Even though I wound up using the System.Environment class in my program, it's useful to look at the full, correct P/Invoke call to GetUserName:

using System; using System.Runtime.InteropServices; using System.Text; namespace TestGetUserName { class Class1 { [DllImport("advapi32.dll")] public static extern bool GetUserName (StringBuilder lpBuffer, ref int nSize); [STAThread] static void Main(string[] args) { StringBuilder b=new StringBuilder(100); int n=b.Capacity; bool rc=GetUserName(b, ref n); Console.WriteLine(b); } } }

What's changed? Two things: one that matters, and one that doesn't matter quite so much. The one that matters is that the second argument to GetUserName needs to be a reference in C#, since the underlying API calls for an LPDWORD, in other words for a pointer to a DWORD.

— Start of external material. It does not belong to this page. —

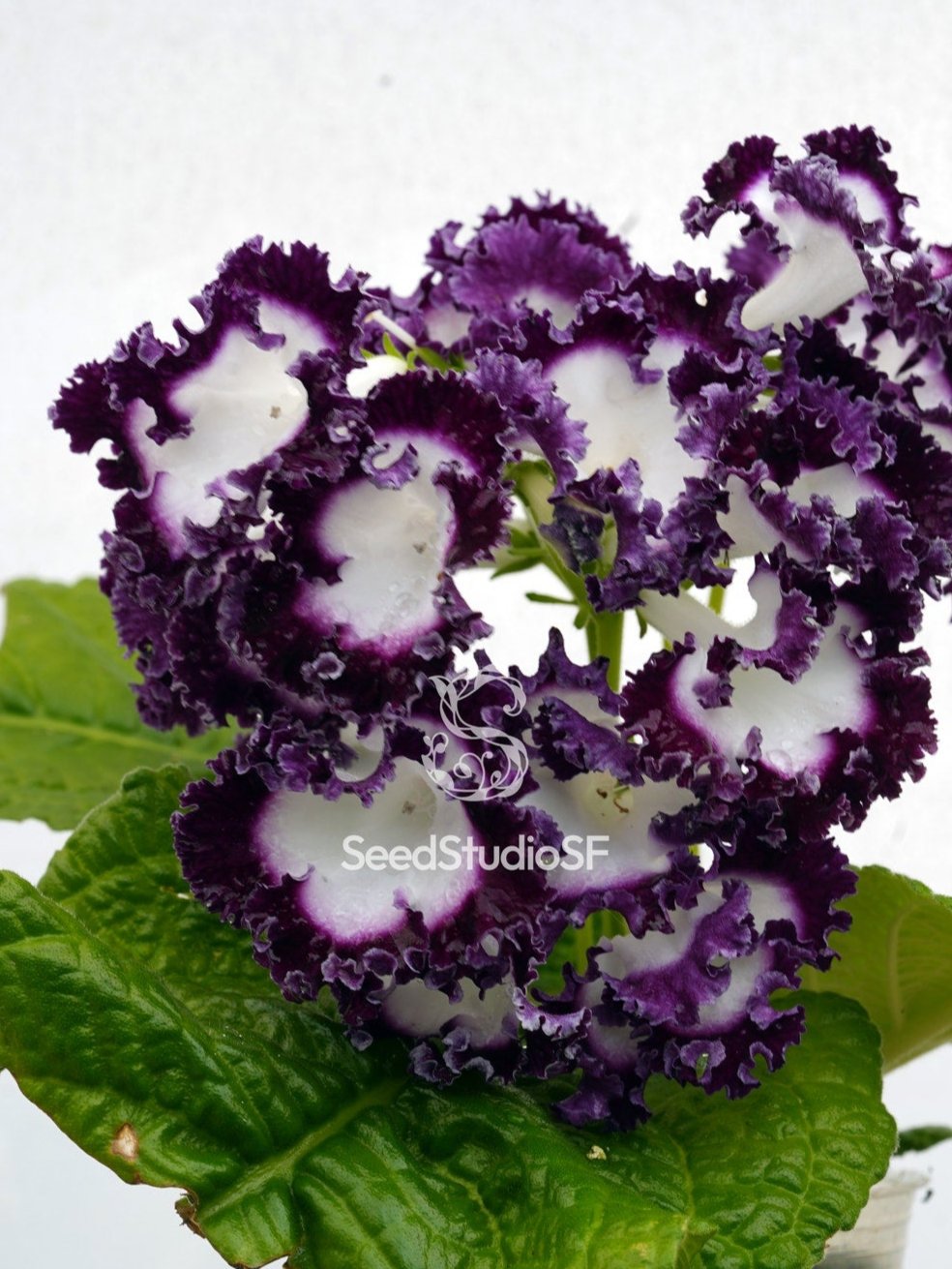 Streptocarpus [DS-2171 | DS-J'ai Ose] | Year-Round Blooms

What was the other change? The best C# type to use for the LPTSTR lpBuffer argument of the underlying API call is a StringBuilder, not a Byte[]. The StringBuilder returned is directly usable as a string; the Byte[] would have to be explicitly converted.

If I'd had more experience with DllImport, I might have realized that the System.NullReferenceException I got originally was telling me that it needed a reference type where I was passing a value type. Of course, the bug wasn't where I was looking, because I was looking at the wrong place.

There's a rule or three you can take away from this example. The first rule is that a Win32 pointer type translates to a corresponding .NET reference type. The second rule is that a Win32 string pointer generally translates to a .NET StringBuilder type (or, sometimes, to a String type). The third rule is to look for a pointer/value mismatch if you get a System.NullReferenceException from a P/Invoke call.